Nous avons pris la liberté d’appeler un agent de la ligne d’information du Plan Nord, récemment mise en fonction par l’actuel gouvernement afin de répondre aux questions des citoyens. Notre question était bien simple. Le gouvernement actuel endosse-t-il le régime frontalier actuel ? Après avoir discuté avec deux préposés, on nous a demandé de soumettre notre requête par écrit. Depuis, nous n’avons eu aucune réponse ni même un accusé de réception de la part de l’organisation du Plan Nord.
Une telle situation est non seulement navrante, mais profondément inquiétante. Il s’agit d’une question fondamentale. Où s’arrête le Nord ? Le gouvernement accepte-t-il que la frontière septentrionale du Québec soit dictée par une loi plus que centenaire qui ne tient compte d’aucun développement en droit maritime effectué depuis ? Comment peut-on parler du Nord sérieusement si on est incapable de le définir ?

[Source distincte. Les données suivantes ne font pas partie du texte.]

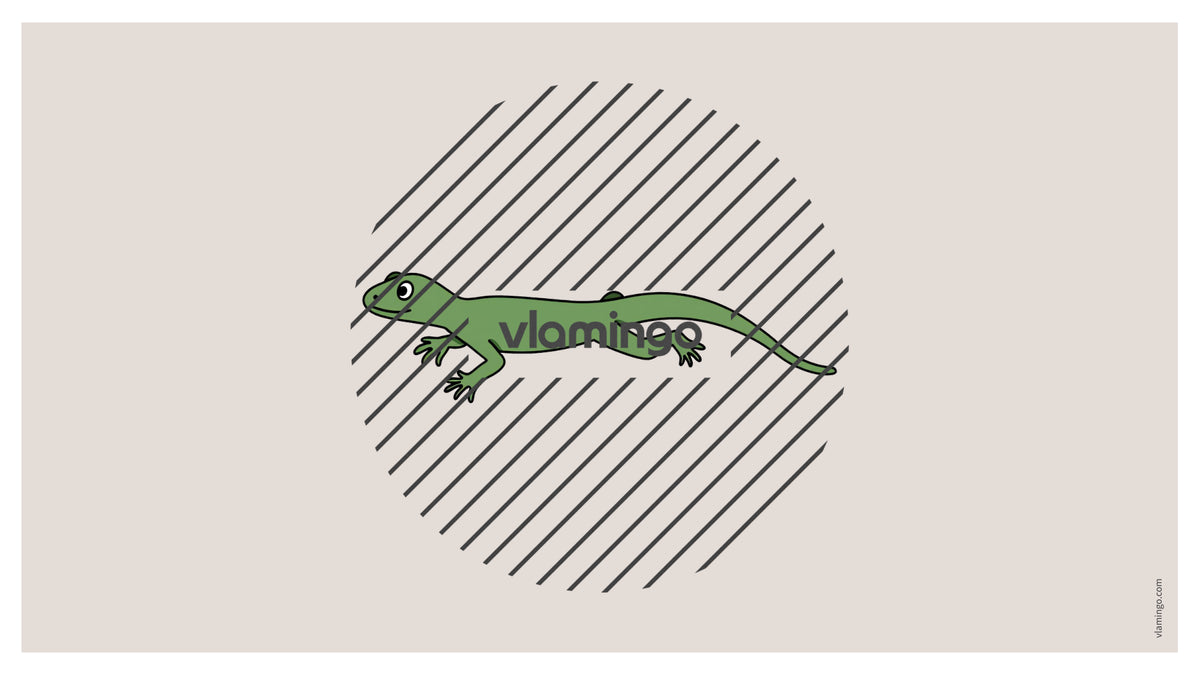 de englisch pets vocabulary fitness powerpoint 028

Ce qui est désolant de ce gouvernement est qu’il pourrait facilement agir s’il faisait preuve d’un peu d’audace, ce qui semble malheureusement être une denrée plutôt rare en ces temps. Le Québec n’est pas le seul à avoir une frontière qui s’arrête à la rive : l’Ontario et le Manitoba vivent la même situation. Il serait facile d’adopter une approche qui respecte les droits des Premières Nations, en accord avec les autres provinces concernées pour mettre fin au monopole du gouvernement canadien sur les eaux nordiques qui est de nos jours complètement caduc. Sans oublier que Terre-Neuve-et-Labrador et la Colombie-Britannique possèdent la juridiction sur leurs eaux nordiques. Il y a une profonde iniquité au sein de la fédération canadienne entre, d’un côté, ces provinces et, de l’autre, le Québec, l’Ontario et le Manitoba, lesquelles ne pourraient même pas bâtir un quai dans le Nord!
Cette situation est dramatique et nous ne comprenons pas ce que les gouvernements attendent pour la dénoncer et prendre les initiatives nécessaires afin de la corriger. Pouvons-nous pour une fois avoir une administration dans l’action et non la réaction ? Attendrons-nous collectivement que des richesses considérables soient découvertes dans le Nord et que le gouvernement fédéral prenne une position ferme afin d’exclure toute forme de révision de frontière ? Nous n’aurons que nous-mêmes et notre silence à blâmer si un tel scénario se produisait. Nous aurons tout simplement regardé passer le bateau.